日本&世界が注目する話題作とは? ボーダレスカルチャー最前線、ここではアニメに注目します。
【ANIME】ジャパニーズアニメが、国籍とは違う“ナショナリティ”で世界を繋ぐ。
海外のジャパニーズアニメ人気は、近年、より一般化しているという。
「昨年、アニメのイベントの司会をするために、3か月連続でアブダビとシンガポール、韓国に行きました。会場には日本のアニメーションが好きな人たちがたくさん集まっていて、司会は日本語のままでいいとのこと。実際、日本語で喋って笑いが起き、さらに翻訳されてもう一回笑いが起きるような感じでした。また、シンガポールでのイベントの時は、韓国とインドネシアから来たアニメファンが日本語で話す場面にも遭遇。彼らが『日本語はオタクのラテン語みたいなものだから』と言っていたことが印象的でした。いわゆるオタクたちから日本のアニメが支持される流れは、10年以上前から続いていましたが、コロナ禍によってブームアップされているのを感じます。コロナ前までは、本当に濃いオタクが集まっていたのが、約2年の間にサブスクでアニメを見ることが一般的になり、海外でのジャパニーズアニメ人気がジャンプアップしたのだなと。昨年あたりから、イベントも最高動員数を更新し続けている状態になるなど、今ものすごい勢いで、日本のアニメが国外に出ています」(ニッポン放送アナウンサー・吉田尚記さん)

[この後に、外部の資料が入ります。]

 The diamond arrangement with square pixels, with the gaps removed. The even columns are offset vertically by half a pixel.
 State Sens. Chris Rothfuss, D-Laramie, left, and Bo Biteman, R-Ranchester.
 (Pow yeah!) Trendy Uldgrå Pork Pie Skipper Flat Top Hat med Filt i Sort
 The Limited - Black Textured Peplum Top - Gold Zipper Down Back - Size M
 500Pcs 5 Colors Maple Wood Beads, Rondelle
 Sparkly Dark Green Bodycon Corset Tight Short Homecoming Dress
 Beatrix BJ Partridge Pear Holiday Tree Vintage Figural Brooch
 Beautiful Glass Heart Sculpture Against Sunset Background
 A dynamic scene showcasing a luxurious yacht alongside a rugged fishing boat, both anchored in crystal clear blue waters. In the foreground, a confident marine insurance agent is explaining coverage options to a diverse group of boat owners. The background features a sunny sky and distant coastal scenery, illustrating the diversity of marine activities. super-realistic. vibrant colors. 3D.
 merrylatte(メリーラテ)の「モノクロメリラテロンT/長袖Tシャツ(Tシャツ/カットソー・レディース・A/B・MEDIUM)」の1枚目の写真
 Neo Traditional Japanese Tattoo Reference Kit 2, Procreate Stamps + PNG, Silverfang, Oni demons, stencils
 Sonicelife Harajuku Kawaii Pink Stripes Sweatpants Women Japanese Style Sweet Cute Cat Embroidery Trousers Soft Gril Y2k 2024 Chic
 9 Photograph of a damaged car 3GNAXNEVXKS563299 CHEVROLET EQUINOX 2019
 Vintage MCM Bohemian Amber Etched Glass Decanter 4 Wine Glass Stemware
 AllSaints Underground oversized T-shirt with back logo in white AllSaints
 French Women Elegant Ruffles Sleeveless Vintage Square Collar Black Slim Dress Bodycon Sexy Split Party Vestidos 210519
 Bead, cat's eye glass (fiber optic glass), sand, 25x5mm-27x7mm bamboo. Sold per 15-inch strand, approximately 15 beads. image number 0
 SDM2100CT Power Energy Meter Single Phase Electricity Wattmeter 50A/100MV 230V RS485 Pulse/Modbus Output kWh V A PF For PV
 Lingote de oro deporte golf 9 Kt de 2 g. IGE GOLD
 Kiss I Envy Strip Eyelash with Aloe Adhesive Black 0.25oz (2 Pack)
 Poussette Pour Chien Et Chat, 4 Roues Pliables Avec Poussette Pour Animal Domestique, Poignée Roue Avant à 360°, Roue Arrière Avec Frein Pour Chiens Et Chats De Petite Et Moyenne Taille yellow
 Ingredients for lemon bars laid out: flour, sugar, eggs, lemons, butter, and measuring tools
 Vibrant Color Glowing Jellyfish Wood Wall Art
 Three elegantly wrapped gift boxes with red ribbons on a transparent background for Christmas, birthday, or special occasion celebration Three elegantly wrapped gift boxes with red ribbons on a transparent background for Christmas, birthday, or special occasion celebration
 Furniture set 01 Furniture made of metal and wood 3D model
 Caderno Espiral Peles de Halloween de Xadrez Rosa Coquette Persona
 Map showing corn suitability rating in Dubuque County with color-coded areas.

海外でヒットする作品は、日本のヒット作と変わらないという。
「海外のオタクと話す時に聞かれるのは、『いま日本ではどんなアニメが流行っていますか?』ではなく、『この声優さんに会ったことはありますか?』みたいなニッチな質問。そのくらい海外の方も同じタイミングで、同じ作品を見ています。職場の隣の席の人より海外のオタクの方が話が合うこともあるくらい、オタク同士は共通言語を持っているんですよね」
『週刊少年ジャンプ』の漫画をアニメ化した作品が人気なのは変わらないが、最近は、それ以外の作品がヒットすることも増えている。
「いま話題なのは『薬屋のひとりごと』です。脚本が良く、ちゃんとしたクオリティのものは、国外でもヒットします。また、転生モノも引き続き人気です。毎シーズン50~70作くらいの新作アニメが作られていますが、その半分弱くらいが転生や異世界をテーマにした作品で、日本より海外のニーズが高いといえます。なかでも最近、視聴数が高いのが『アラフォー男の異世界通販』。アラフォーの男性が異世界に転生し、通販で家電などを買って無双するという作品です。辛いことも多い世の中では、現実の写し鏡のような作品ではなく、どこかに楽園が存在すると思えるような、ストレスケア的役割をアニメに求めている人が、世界共通で多いのかもしれません」

『薬屋のひとりごと』
人さらいに遭った薬師の猫猫は、売り飛ばされた後宮で働くことに。そこで起こる事件や謎を次々と解き明かしていく。「TikTok上半期トレンド大賞2025」において、大賞とマンガ・アニメ部門をダブル受賞したことでも話題に。第2期Blu‐ray第2巻¥14,850 7月16日発売。発売・販売元:東宝
Ⓒ日向夏・イマジカインフォス/「薬屋のひとりごと」製作委員会

『アラフォー男の異世界通販』
アラフォーの独身・ケンイチは突如、異世界に転移するが、巨大ネット通販サイト「シャングリ・ラ」が使えることに気づく。異世界のアイテムを換金して現代日本の商品を購入する能力を駆使して商売を始め、スローライフを目指すが…。NetflixやU‐NEXTなど各配信サイトで配信中。
Ⓒ朝倉一二三・ツギクル・うみハル/アラフォー通販製作委員会
お話を伺った方・吉田尚記さん
Profile
よしだ・ひさのり ニッポン放送アナウンサー。漫画やアニメに精通、国内外のイベントで司会を行うなど幅広く活動。マンガ大賞の発起人であり実行委員。今年4月から東京大学大学院へ進学、推し活とウェルビーイングの関係を研究。